The robustness demonstrated under extreme label scarcity (1%) and strong noise (low-dose CT) is impressive and directly addresses well-defined clinical pain points.

Limitations & Future Work¶

Validation is limited to two closely related COVID-19 CT datasets; generalization across organs and modalities (MRI, X-ray, ultrasound) remains unverified.
The frozen CXR-BERT text encoder is pretrained on chest X-rays; extending to non-thoracic imaging may require a more general-purpose medical language model.
The pseudo image generator relies on ground-truth supervision and cannot be directly applied in unsupervised or self-supervised pre-training settings.
The overall architecture is relatively simple (MLP + U-Net); more expressive cross-modal interaction mechanisms (e.g., cross-attention, prompt tuning) remain unexplored.
Ablation studies isolating the individual contributions of BMF and IAC are absent.
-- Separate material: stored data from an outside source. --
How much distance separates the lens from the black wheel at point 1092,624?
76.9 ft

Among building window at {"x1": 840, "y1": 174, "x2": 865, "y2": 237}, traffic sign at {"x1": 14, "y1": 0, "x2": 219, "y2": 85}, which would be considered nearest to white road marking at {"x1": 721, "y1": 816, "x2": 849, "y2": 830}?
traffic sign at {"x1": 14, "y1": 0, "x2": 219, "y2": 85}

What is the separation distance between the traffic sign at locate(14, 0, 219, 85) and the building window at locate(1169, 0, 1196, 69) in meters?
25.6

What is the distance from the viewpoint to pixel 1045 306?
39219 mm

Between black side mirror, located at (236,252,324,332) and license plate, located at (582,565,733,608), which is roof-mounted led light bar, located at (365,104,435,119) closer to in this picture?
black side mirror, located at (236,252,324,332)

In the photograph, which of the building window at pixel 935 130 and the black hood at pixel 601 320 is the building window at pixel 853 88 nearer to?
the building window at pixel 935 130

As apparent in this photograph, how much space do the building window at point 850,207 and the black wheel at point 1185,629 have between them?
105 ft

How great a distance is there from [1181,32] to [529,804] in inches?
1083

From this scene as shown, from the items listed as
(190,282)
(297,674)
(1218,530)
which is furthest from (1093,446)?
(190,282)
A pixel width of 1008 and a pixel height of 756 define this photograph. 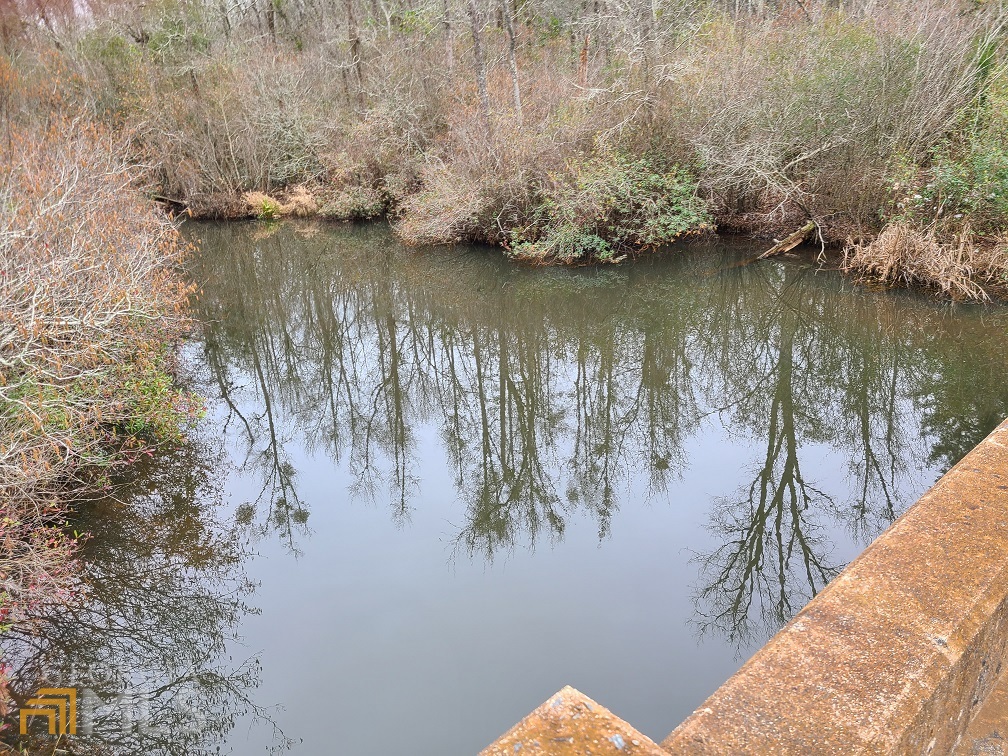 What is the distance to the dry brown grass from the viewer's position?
10.9 meters

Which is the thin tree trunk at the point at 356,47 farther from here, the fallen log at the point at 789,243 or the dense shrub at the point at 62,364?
the dense shrub at the point at 62,364

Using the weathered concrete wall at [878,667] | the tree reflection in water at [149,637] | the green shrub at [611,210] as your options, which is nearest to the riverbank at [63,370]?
the tree reflection in water at [149,637]

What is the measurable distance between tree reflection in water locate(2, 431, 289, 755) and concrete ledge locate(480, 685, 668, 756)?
345 cm

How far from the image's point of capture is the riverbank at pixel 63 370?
532 centimetres

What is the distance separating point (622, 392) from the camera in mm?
9164

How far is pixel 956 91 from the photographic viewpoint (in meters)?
12.0

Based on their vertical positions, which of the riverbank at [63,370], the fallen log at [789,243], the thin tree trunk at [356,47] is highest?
the thin tree trunk at [356,47]

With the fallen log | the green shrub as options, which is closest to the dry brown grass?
the fallen log

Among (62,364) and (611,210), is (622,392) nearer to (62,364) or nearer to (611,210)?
(62,364)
The cycle consistency idea in bidirectional fusion is generalizable to other vision-language tasks (e.g., referring segmentation, VQA), with the key principle being "letting visual feedback refine linguistic representations."
IAC's weak/strong augmentation consistency can serve as a general-purpose regularization strategy for any multimodal learning scenario with limited labeled data.
The pseudo image bridge design is worth exploring in 3D medical segmentation (e.g., nnU-Net + text).

Rating¶

Novelty: ⭐⭐⭐⭐ The combination of bidirectional fusion loop and augmentation consistency is novel, though individual components are relatively standard.
Experimental Thoroughness: ⭐⭐⭐ Two datasets, low-annotation, and noise robustness experiments are well-covered, but ablation studies and cross-domain validation are lacking.
Writing Quality: ⭐⭐⭐⭐ Method description is clear with well-formulated equations, though the introduction is somewhat lengthy.
Value: ⭐⭐⭐⭐ Practical value in low-annotation robustness for medical segmentation.